For now, the Packers remain among the handful of teams with legitimate championship aspirations. They’re early Super Bowl favorites for next season. They’ll retain that status in 2017, 2018 and a few years beyond.
How long the Packers’ window will remain open, nobody knows. The biggest factor will be how long Rodgers can ward off the inevitable erosion of his talent.
Until Rodgers retires like Brett Favre before him and Bart Starr before him, it would seem tempting for the Packers to plug holes on their depth chart through free agency. A signing or two can make all the difference. Just ask the Denver Broncos, who won Super Bowl 50 with a defense fortified with the free-agent acquisitions of edge rusher Demarcus Ware, cornerback Aqib Talib and safety T.J. Ward.
The Packers are not far from where the Broncos were a couple years ago. They’re close to catching a title, but not home. Regardless, Thompson gave no indication he’s ready to change course this offseason. He said there’s no more urgency to use the other side of player acquisition, despite landing on the Super Bowl’s doorstep two straight years.
“I think you have a philosophy,” Thompson said, “and I think you stick with that philosophy. It doesn’t make sense to me. Everybody is talking about how we’ve been in position to be fairly successful for some time. You can’t do that if you’re changing all the time.
“I don’t necessarily ascribe to the theory that we’re one-sided and the only thing we do is try to draft. I’m a big believer in trying to help our team in free agency as well.”
Thompson helped the Packers through free agency two years ago. Before the 2014 season, he signed outside linebacker Julius Peppers and defensive lineman Letroy Guion. Both became defensive starters, though Guion has missed games because of injury (2014) and suspension (2015).
At a glance, their success provides a good argument for the benefit of using free agency. It would have been easy to expect Thompson to sign a free agent or two last spring after the Packers were five minutes from a Super Bowl trip before collapsing in the NFC championship game.
Instead, Thompson remained the only general manager in the league who did not sign a player from another team until receiver Jordy Nelson’s injury forced his hand. In an emergency one week before the regular season, Thompson turned to his former third-round pick when he signed street free agent James Jones.

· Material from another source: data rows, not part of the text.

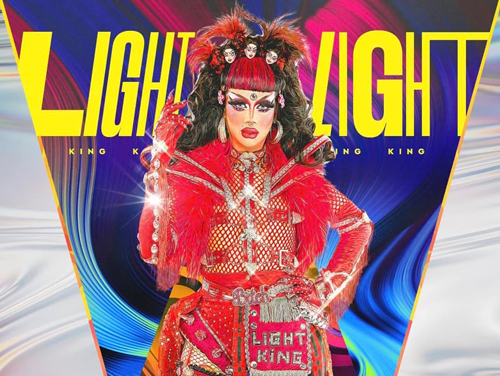 Light King una Draga de luz Light King una Draga de luz
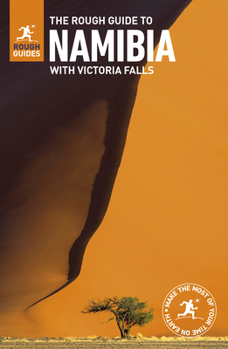 Paperback The Rough Guide to Namibia (Travel Guide) Book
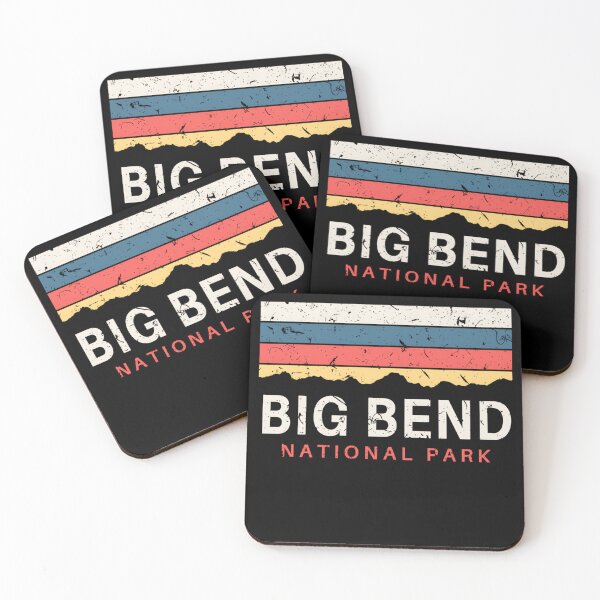 Item preview, Big Bend National Park Texas Gifts TX designed and sold by Natilie.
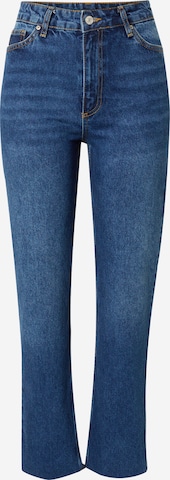 Trendyol Slimfit Jeans in Blau: predná strana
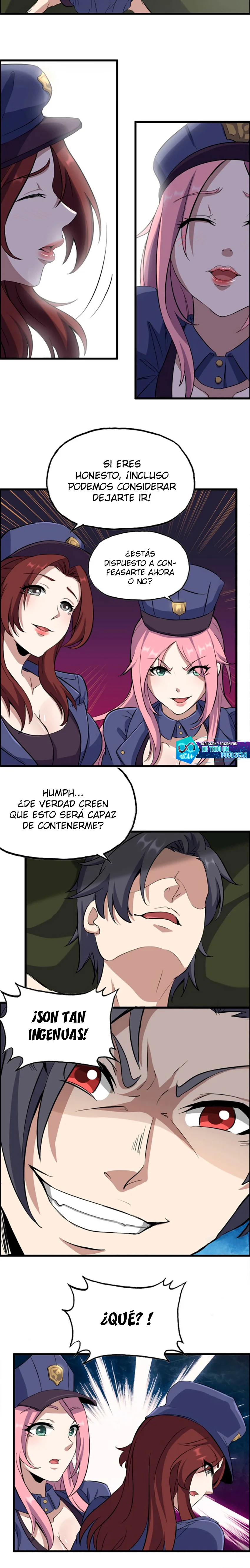 Página 9 del Manga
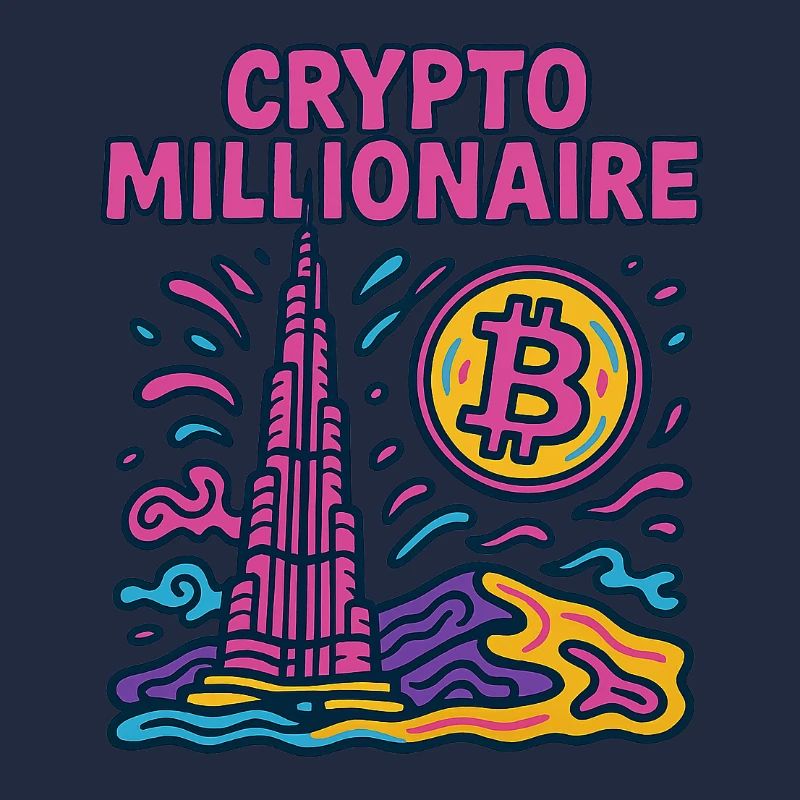 Dubaï crypto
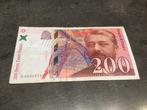 200 francs français 1996, Enlèvement ou Envoi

That’s the Packer Way. Draft and develop. It’s how the organization operates. Maybe this year will be different, but there were no signs of change Thursday at Lucas Oil Stadium.
“This is a result business,” McCarthy said. “I think when you look at activity, our personnel guys work. Trust me, they’re active. They work the process and so forth. At the end of the day, the decision-maker has to say yes or no. A lot goes into that. For all of us to sit here and judge yes or no, that’s really not realistic or fair.
“It’s a process. This is a big week. There’s obviously a lot going on right now on all fronts, just with the new roles and the agents and the conversations I know for us and a number of people are happening right now. We’ll see how it shakes out. We might shock you this year.”